American Renaissance

Edwards to Southern Whites: “Get Lost”

Council of Conservative Citizens Online

On his campaign dash across South Carolina, John Edwards has kissed, hugged, and glad-handed his way through enthusiastic throngs of gyrating blacks. Like all liberal Democrats, Edwards is convinced that black votes are essential for the Democratic presidential nomination. Black voters, most political pundits agree, decide elections in the South.

John Edwards, like the two previous governors of South Carolina, needs remedial education about Southern politics. Ten years ago, former Republican SC governor David Beasley vowed not to tamper with the Confederate flag flying over the state capitol. When he betrayed his promise, Beasley was not reelected. His successor, the doltish Democrat Jim Hodges made a similar pledge to avoid the flag controversy. After Hodges removed the flag from the capitol dome, he too was replaced. Yet Edwards, also known as “Johnny Prance and Dance” in North Carolina, has decided to make the same mistake.

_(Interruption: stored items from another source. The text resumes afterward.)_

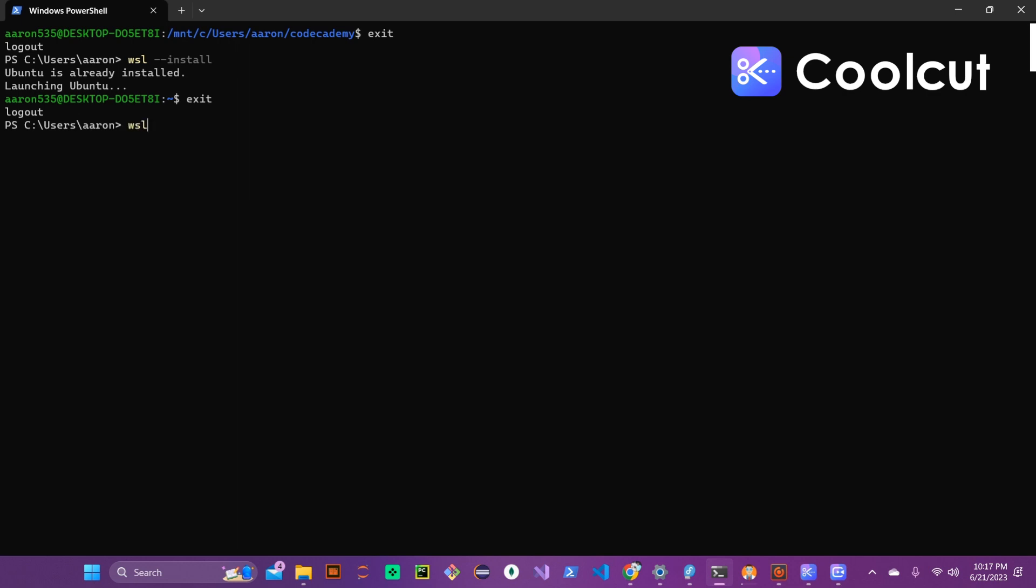Once you get that and exit out of it you can go back through and just type in WSL to start the Ubuntu launch with WSL. Once you launch it and if it launches correctly you'll see your mount and then the drive that you're using, the users and whatever the username is. That way you know that you're in that Linux subsystem for Windows.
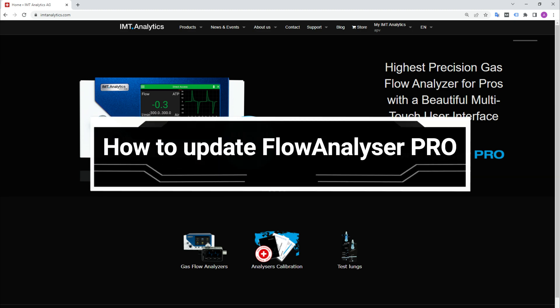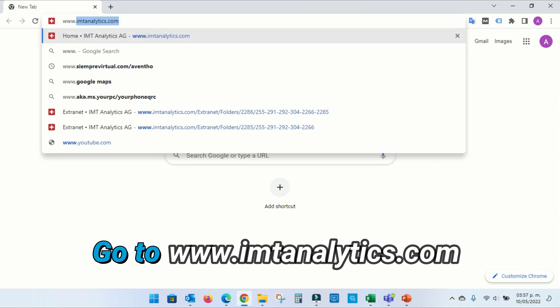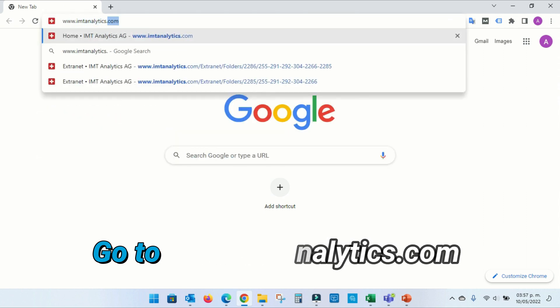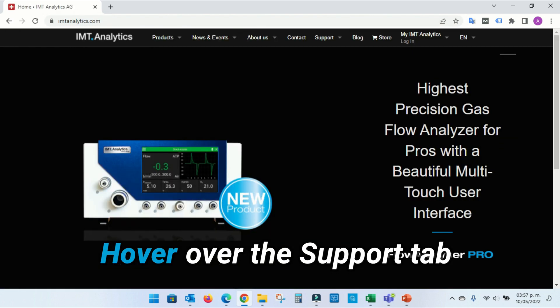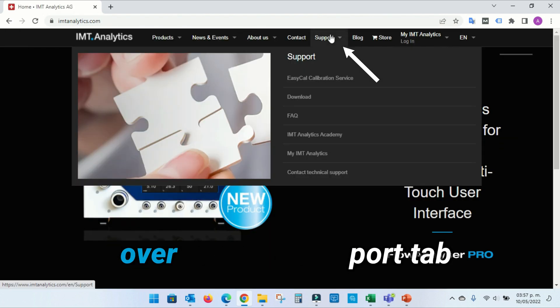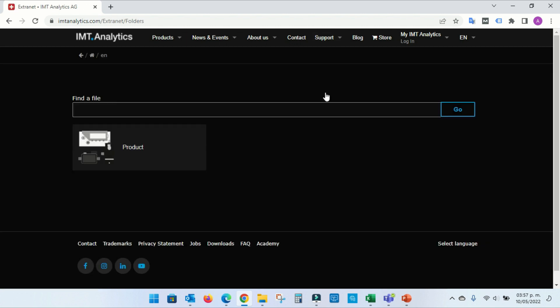How to update Flow Analyzer Pro. Go to imtanalytics.com. Hover over the Support tab and click Download.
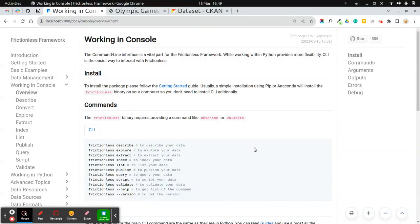Hi, it's Evgeny from Frictionless Data and today I'd like to show you a few new Frictionless commands for console.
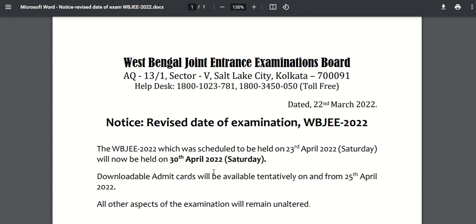The direct link to check this PDF is given in the description box. Thanks for watching this video and subscribe to the channel for other important updates related to WBJEE 2022.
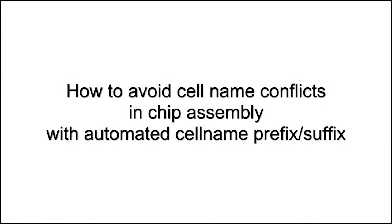In today's video, we will talk about how to solve chip assembly name conflicts by post or prefixing cell names with the DesignRev programming.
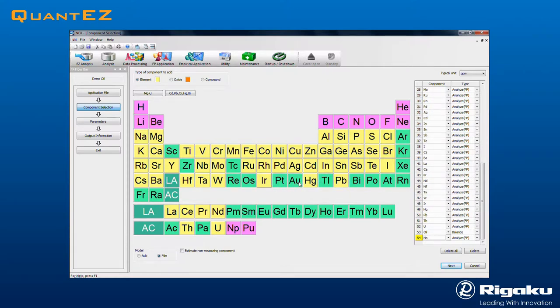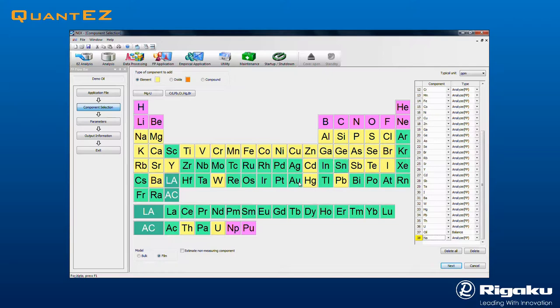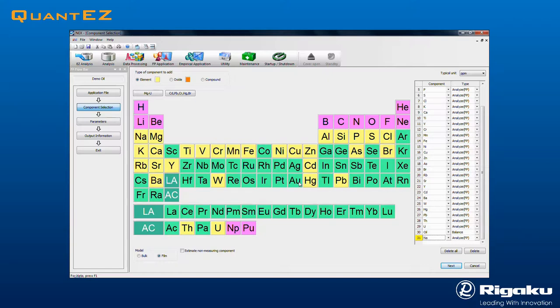Green elements, like sodium, could be measured as well. Purple components are not directly measurable. Simply deselect components that are known not to be present. Notice that the template automatically selects Oil as the Balance component.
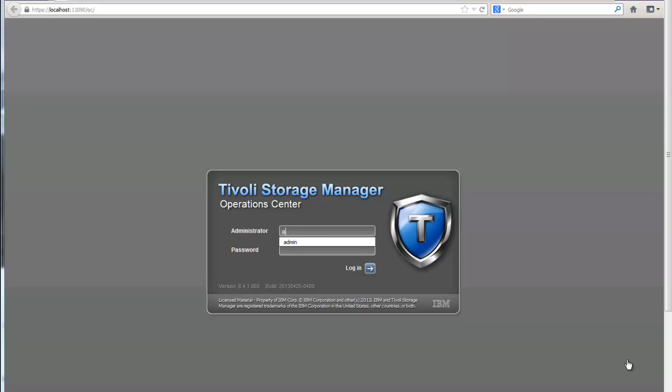Hello, my name is Trisha Jong. I'm a technical evangelist with IBM Tivoli Storage Manager.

Using language straight from the NAACP handbook, Edwards declared that the Confederate flag should be banned from all public places. Edwards has also stated that he will honor the NAACP boycott of South Carolina by staying in private homes during his campaign. The NAACP launched the boycott after the Confederate flag was raised in front of the state house following its removal from atop the dome.

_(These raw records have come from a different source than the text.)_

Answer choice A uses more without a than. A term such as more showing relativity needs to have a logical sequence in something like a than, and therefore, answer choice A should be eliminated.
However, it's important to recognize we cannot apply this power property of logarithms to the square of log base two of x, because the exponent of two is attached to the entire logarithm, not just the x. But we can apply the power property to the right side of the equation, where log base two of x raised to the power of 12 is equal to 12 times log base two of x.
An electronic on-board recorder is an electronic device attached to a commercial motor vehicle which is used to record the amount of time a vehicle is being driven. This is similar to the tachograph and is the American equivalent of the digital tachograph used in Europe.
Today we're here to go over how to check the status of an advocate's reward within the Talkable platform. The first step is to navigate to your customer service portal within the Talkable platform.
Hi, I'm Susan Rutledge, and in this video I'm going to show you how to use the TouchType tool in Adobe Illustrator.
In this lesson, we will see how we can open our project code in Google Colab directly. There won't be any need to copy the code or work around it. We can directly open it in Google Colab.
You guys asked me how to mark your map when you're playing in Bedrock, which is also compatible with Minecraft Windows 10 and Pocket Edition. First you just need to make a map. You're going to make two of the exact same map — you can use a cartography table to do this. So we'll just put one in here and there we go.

Despite his shrill rants against the Confederate colors, Edwards failed to secure an important black endorsement. Congressman James Clyburn, the most powerful black politician in the state, threw his support behind John Kerry.

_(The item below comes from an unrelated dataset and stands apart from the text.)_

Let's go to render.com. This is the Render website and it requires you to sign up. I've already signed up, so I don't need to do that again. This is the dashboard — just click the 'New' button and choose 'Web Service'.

One political pollster noted that elections in South Carolina are decided by several thousand swing voters. These same voters ousted two governors for disrespecting the Confederate flag. Edwards will be no different.

Now that Edwards’ views on the flag have been widely reported, the Democratic candidates can count on the White swing to come out and slam Johnny Prance and Dance.

Knowing as we do the tendencies of White voters in South Carolina, the C of CC predicts, with complete impartiality, that Edwards will lose to the winner by at least three percentage points. He may not even come in second if the anti-Edwards vote goes to Howard Dean.

Republicans and Democrats share one thing in common — both parties are self-delusional where black voters and the Confederate flag are concerned. Both parties believe blacks are necessary to win elections, and neither party will admit that a negative view of the Confederate flag can cost them at the ballot box.